Il giorno in cui il rock è morto. Viaggio nei luoghi delle grandi tragedie della musica

Ed. Mondadori - 250 pagine - 15€



Ho sempre subito il fascino della narrativa on the road. Dall'omonimo capolavoro di Kerouac a Lo Zen e l'arte della motocicletta di Pirsig. Mia nuova bibbia in merito è un testo del giornalista musicale di Spin Magazine, Chuck Klosterman, dal titolo Il giorno in cui il rock è morto. Viaggio nei luoghi delle grandi tragedie della musica.

Un racconto ironico e graffiante a bordo di una vecchia Ford Taurus a noleggio, con 600 cd come passeggeri/compagni di viaggio, per le strade degli States con lo scopo di visitare i luoghi dove si sono spente le più grandi rockstar. Dalla fine prematura di Elvis, Kurt Cobain passando per Jeff Buckley, John Lennon e tanti altri, più o meno famosi, con un pallino fisso: "che cosa c'entra il rock con la morte? Per quale strana ragione quando una rock star muore diventa immortale?"

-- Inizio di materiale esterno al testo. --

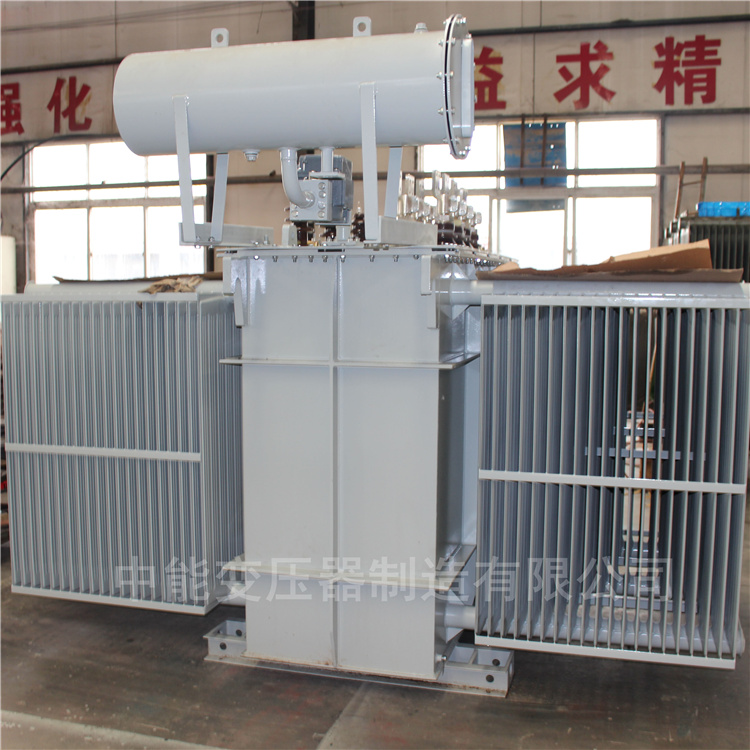 桦甸S20-2500KVA/10KV油浸式变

Ad ogni modo Klosterman non parla solo del rapporto tra rock e morte ma anche di rapporti interpersonali, di indagini sociologiche dietro i capolavori della musica contemporanea, di maturità, di dubbi, di alcool e droga, dei Radiohead, dei Kiss, di New York, della cultura americana, ella critica musicale, di se stesso e di me in quanto ascoltatore e lettore, che ha appena deciso di investire parte delle vacanze estive in un viaggio on the road senza mete prefissate.